RE: 3.6m contract awarded5 Mar 2026 11:20
Thanks! I carried on with a bit of AI research, which is summarised below. Fundamentally this contract is likely part of a wider DARPA initiative called Red-C, all designed to be the backbone protection of the AI architecture all major players use to build their own AI infrastructure. It potentially has huge ongoing value to us I think (assuming we will own the IP as usual) , and brings prospect of follow on work.
https://www.darpa.mil/news/2025/red-c-watch-out-bus?utm_source=chatgpt.com
“DARPA recently awarded Narf Industries a contract titled “Helpful Strangers on a Bus: Protocol for Active Trust Probing and Recovery.” In cybersecurity terms, this refers to developing ways for hardware components inside a computer (GPUs, network cards, storage devices, accelerators, etc.) to actively verify and monitor each other’s behavior over internal system buses rather than assuming they are trusted.

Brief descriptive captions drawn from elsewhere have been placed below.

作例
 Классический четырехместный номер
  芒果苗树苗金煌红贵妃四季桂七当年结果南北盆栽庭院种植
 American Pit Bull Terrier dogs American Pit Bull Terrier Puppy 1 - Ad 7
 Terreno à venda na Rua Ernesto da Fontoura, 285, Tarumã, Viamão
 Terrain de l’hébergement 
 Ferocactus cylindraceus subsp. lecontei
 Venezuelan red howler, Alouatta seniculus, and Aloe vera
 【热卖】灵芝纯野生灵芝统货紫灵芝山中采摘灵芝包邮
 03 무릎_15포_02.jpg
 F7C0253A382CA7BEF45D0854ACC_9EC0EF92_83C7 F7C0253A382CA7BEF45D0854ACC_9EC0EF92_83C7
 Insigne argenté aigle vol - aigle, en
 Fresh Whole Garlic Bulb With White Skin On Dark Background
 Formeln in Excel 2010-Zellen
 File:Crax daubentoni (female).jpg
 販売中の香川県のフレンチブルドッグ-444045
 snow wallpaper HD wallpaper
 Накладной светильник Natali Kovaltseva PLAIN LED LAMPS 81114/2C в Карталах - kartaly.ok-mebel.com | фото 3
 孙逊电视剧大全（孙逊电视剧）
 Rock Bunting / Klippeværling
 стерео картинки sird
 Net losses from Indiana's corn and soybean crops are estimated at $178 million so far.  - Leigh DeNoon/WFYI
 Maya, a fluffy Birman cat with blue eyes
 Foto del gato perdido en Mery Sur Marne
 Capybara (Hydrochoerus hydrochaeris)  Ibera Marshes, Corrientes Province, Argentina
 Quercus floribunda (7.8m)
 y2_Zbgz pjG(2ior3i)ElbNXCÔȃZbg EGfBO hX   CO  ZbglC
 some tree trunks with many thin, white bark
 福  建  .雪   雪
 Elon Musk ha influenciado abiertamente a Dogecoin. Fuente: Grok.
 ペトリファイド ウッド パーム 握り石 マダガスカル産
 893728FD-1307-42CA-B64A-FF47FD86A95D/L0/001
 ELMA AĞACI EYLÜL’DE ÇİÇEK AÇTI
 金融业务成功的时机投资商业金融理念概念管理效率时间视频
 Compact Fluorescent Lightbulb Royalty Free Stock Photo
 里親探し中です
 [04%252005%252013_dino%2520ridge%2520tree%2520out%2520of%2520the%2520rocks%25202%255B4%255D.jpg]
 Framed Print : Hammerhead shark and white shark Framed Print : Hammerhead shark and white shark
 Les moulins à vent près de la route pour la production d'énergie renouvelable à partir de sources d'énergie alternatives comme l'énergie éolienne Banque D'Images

Modern systems rely on high-speed interconnects such as PCI Express and Compute Express Link that allow devices to communicate directly and access system memory. If a single device or its firmware were compromised—whether by malware, supply-chain tampering, or a rogue peripheral—it could potentially attack the rest of the system. The DARPA concept is to create protocols where devices can probe each other’s integrity, detect suspicious behavior, and help isolate or recover from compromised components.
The contract appears to fit within DARPA’s broader program Reclaiming Bus‑based Systems During Compromise (Red‑C), which aims to build self-monitoring and self-healing computer systems at the hardware-bus level. The idea is that devices connected to the same bus behave like “helpful strangers”: they don’t inherently trust each other but can collaboratively detect anomalies such as unusual memory access patterns, abnormal DMA activity, or inconsistent firmware responses. This approach is meant to address risks such as malicious PCIe devices, compromised firmware, or hardware implants that traditional operating-system security tools would never see because they operate below the OS layer.
The timing of this research is notable because the industry is rapidly moving toward CXL-based composable data centers and large AI compute systems, where CPUs, GPUs, memory pools, and accelerators from multiple vendors are dynamically connected across shared fabrics. Major players like NVIDIA, Intel, AMD, Google, and Microsoft are building infrastructure around these architectures. As the internal bus effectively becomes a high-speed network connecting dozens or hundreds of devices, security at the bus level becomes strategically important, particularly for AI and defense systems. If Narf is contributing protocols or detection techniques in this area, it places the company within a DARPA research stream that could plausibly lead to follow-on work as these architectures become more widespread.